In 2009/10 the Family Resources Survey found that 7% of adults in the UK didn't have a bank account. Almost one fifth of people over 65 with a bank account use someone else to access their day-to-day spending money, and a quarter find it difficult to get to a bank branch.
|

With financial services such a vital part of everyone's daily life in the UK today, access to banking and payment services are essential. However, in 2009/10 the Family Resources Survey found that 7% of adults in the UK didn't have a bank account. Almost one fifth of people over 65 with a bank account use someone else to access their day-to-day spending money, and a quarter find it difficult to get to a bank branch.

So, without access to a bank account, basic tasks such as receiving your wages or benefit income, or paying bills, become huge and costly obstacles for people (often vulnerable) who are often already struggling in the first place. And yet, in stark contrast to the universal service obligations to meet the needs of consumers found in the energy, water and telecomms industries, financial services firms are under no such obligations.

At the same time, families are increasingly expected to engage with more complex financial products as a result of social policy changes: they must save for a pension or a child's university education; even insuring a car calls for certain legal requirements they must meet. But who is making sure that consumers can access suitable and often complex financial products and services?

As MPs scrutinise the Financial Services Bill today, they will debate what the objectives, and duties and responsibilities the new Financial Conduct Authority (FCA), which replaces the Financial Services Authority, should be to ensure that competition in financial markets delivers positive outcomes for all consumers, including the most vulnerable.
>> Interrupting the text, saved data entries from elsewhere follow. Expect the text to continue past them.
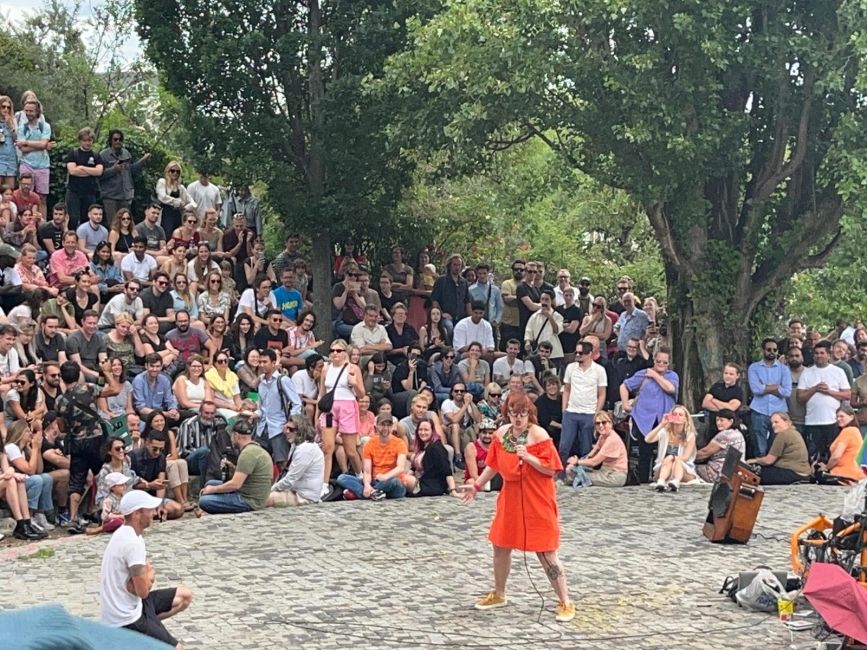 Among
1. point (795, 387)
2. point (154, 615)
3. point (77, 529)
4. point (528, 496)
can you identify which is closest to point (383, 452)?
point (77, 529)

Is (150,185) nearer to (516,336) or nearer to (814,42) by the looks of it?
(516,336)

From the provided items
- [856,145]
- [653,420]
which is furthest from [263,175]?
[856,145]

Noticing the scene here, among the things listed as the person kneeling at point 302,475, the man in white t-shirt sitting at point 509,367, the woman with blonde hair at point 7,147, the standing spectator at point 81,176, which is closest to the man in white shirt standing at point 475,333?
the man in white t-shirt sitting at point 509,367

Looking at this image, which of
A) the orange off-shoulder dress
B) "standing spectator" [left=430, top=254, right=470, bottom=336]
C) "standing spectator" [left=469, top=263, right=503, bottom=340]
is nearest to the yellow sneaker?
the orange off-shoulder dress

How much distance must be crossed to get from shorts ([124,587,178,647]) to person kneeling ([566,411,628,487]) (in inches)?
403

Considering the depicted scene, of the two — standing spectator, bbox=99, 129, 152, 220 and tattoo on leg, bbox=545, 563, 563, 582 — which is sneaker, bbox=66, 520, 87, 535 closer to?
tattoo on leg, bbox=545, 563, 563, 582

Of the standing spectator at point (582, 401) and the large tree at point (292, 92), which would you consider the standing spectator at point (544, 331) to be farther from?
the large tree at point (292, 92)

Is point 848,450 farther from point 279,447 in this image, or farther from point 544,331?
point 279,447

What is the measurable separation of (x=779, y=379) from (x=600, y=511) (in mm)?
4751

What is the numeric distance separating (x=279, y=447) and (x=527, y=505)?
23.5ft

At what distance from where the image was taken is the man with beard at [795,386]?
20.9 metres

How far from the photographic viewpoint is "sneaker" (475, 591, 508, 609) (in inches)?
479

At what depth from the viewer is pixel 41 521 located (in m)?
15.6

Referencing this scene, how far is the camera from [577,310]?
2278 cm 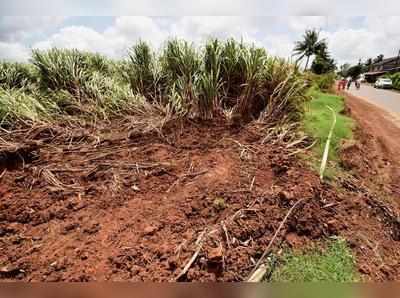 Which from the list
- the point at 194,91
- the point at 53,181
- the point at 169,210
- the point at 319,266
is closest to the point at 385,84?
the point at 194,91

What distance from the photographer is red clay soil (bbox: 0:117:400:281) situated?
160 centimetres

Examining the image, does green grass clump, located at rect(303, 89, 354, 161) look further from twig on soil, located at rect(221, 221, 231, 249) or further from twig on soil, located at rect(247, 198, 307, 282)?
twig on soil, located at rect(221, 221, 231, 249)

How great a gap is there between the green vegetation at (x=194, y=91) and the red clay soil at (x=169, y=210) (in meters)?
0.48

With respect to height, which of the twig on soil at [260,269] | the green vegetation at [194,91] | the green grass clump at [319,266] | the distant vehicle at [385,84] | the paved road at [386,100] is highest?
the green vegetation at [194,91]

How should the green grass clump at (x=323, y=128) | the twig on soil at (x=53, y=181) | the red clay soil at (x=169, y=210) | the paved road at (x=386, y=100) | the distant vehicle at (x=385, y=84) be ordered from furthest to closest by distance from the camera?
the distant vehicle at (x=385, y=84) → the paved road at (x=386, y=100) → the green grass clump at (x=323, y=128) → the twig on soil at (x=53, y=181) → the red clay soil at (x=169, y=210)

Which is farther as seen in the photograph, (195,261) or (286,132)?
(286,132)

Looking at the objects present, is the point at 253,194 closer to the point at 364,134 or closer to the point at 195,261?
the point at 195,261

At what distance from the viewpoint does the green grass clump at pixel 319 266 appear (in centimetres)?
154

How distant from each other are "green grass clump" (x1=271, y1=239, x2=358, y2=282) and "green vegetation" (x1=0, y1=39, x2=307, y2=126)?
63.7 inches

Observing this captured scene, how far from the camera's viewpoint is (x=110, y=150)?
2750mm

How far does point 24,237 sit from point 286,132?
2.24 metres

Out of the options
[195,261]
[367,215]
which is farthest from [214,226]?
[367,215]

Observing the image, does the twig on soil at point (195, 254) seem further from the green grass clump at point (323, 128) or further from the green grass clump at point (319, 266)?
the green grass clump at point (323, 128)

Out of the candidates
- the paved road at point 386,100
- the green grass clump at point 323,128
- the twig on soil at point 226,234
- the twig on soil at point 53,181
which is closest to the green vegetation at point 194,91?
the green grass clump at point 323,128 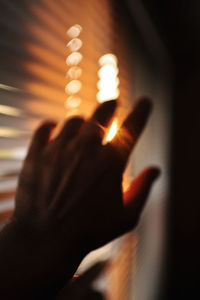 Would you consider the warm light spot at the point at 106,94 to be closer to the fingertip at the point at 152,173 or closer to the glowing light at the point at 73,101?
the glowing light at the point at 73,101

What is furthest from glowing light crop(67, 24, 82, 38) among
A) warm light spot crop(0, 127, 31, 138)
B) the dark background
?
the dark background

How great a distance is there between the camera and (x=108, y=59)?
124 centimetres

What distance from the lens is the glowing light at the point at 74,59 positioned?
0.92 m

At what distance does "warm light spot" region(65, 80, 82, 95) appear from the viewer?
919mm

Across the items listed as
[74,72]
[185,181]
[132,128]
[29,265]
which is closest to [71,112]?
[74,72]

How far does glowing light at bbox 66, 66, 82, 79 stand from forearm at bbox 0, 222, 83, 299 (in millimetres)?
609

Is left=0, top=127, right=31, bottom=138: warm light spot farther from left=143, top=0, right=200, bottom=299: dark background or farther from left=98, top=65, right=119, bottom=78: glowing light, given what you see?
left=143, top=0, right=200, bottom=299: dark background

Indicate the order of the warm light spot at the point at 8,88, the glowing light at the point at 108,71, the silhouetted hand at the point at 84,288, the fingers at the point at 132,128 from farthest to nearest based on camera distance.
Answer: the glowing light at the point at 108,71
the silhouetted hand at the point at 84,288
the warm light spot at the point at 8,88
the fingers at the point at 132,128

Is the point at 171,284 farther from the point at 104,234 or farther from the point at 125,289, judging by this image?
the point at 104,234

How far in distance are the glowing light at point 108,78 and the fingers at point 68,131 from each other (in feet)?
2.21

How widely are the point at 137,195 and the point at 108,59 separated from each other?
2.80 ft

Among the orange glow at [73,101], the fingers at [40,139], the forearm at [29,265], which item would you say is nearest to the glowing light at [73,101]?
the orange glow at [73,101]

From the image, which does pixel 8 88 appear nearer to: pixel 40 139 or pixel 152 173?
pixel 40 139

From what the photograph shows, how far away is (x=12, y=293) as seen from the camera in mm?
405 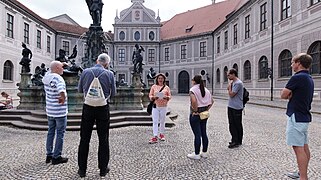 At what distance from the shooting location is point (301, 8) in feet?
63.5

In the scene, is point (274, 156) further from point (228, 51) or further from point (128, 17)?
point (128, 17)

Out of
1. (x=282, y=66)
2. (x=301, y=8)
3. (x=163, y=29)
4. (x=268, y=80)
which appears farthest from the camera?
(x=163, y=29)

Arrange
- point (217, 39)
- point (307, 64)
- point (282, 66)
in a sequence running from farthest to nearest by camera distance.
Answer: point (217, 39) → point (282, 66) → point (307, 64)

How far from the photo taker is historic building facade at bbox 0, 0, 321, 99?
20812mm

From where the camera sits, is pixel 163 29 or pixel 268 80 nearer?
pixel 268 80

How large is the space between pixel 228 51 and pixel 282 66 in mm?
12425

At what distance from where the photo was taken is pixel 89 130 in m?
4.24

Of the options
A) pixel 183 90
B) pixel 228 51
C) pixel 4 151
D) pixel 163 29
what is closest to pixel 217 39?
pixel 228 51

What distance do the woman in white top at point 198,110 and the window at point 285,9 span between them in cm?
1880

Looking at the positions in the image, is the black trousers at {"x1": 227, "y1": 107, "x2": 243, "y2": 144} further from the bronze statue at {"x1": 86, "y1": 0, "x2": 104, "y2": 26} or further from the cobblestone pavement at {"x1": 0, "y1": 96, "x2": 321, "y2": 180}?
the bronze statue at {"x1": 86, "y1": 0, "x2": 104, "y2": 26}

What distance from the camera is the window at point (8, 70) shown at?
83.3 ft

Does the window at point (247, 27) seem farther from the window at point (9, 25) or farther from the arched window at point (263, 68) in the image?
the window at point (9, 25)

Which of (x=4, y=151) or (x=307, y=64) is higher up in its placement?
(x=307, y=64)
This is important because competition among firms to win the custom of consumers with greater spending power has very often led to worse outcomes for the less commercially attractive customers. For example, so-called "free" current accounts for wealthy customers are subsidised by hefty overdraft charges. These are most often levied on those who can least afford to pay them. And firms looking for ways to subsidise low headline mortgage interest rates contributed substantially to the widespread mis-selling of PPI. In situations like these the regulator must be able to step in. There is a danger that as the Financial Services Bill is currently drafted, when competition fails to deliver for consumers, the only remedy the FCA can prescribe, is more competition. It must therefore be empowered to respond effectively to market failure and it should set out, right from the start the approach it will take when such circumstances arise.

Competition is good for consumers, and it's good for firms. But by itself it can't ensure that the needs of all consumers are met, especially the most disadvantaged, who lack purchasing power. Last year the Payment Council U-turned on its decision to end the use of cheques - not because market forces responded to demand from consumers, but because of the political pressure to ensure that a service relied on by many vulnerable consumers - particularly the elderly and digitally excluded - was maintained.

The government is, and should be, responsible for policy decisions. But the regulator must be empowered to make sure firms comply with the government's social policy objectives such as financial inclusion. If this collaborative and effective approach isn't taken, the government will have to rely on voluntary agreements with the industry to ensure that consumers' essential needs are met - an approach that has many limitations. In 2005 the government launched the Financial Inclusion Taskforce to increase access to banking services for low-income consumers. And yet today, seven years later, over one million adults still live in a household where no one has access to a bank account.

Consumers need access to products which are safe and which meet their needs - and they need a regulator with the power to make that happen.